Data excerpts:
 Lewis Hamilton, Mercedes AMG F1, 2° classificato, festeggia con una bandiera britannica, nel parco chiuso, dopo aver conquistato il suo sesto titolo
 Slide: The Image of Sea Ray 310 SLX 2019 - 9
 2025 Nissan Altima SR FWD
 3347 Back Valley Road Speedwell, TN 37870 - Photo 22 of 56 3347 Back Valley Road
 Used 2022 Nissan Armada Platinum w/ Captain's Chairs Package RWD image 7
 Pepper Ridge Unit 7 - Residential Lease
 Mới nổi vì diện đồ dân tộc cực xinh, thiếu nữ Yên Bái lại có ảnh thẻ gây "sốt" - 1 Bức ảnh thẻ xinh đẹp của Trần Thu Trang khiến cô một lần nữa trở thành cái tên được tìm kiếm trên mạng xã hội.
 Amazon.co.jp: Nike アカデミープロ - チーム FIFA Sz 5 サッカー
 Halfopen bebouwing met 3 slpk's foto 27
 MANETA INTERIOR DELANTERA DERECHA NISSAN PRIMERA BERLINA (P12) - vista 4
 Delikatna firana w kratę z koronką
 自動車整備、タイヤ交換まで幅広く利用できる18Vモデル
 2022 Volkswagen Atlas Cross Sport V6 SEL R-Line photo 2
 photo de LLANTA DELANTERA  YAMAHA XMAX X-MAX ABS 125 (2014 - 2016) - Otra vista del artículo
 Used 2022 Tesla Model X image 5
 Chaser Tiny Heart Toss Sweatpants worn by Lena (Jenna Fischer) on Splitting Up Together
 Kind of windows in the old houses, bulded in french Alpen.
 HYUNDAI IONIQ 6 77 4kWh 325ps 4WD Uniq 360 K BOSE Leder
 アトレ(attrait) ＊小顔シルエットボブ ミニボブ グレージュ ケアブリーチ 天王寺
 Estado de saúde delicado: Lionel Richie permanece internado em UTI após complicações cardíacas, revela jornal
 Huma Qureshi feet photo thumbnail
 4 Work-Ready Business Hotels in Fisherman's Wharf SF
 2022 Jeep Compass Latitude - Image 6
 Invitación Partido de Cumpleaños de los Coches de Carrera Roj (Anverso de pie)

_THE PROBLEM_
Scan the records above for the string "vista", then copy each line where it turns up.

_ANSWER TO THE PROBLEM_
 MANETA INTERIOR DELANTERA DERECHA NISSAN PRIMERA BERLINA (P12) - vista 4
 photo de LLANTA DELANTERA  YAMAHA XMAX X-MAX ABS 125 (2014 - 2016) - Otra vista del artículo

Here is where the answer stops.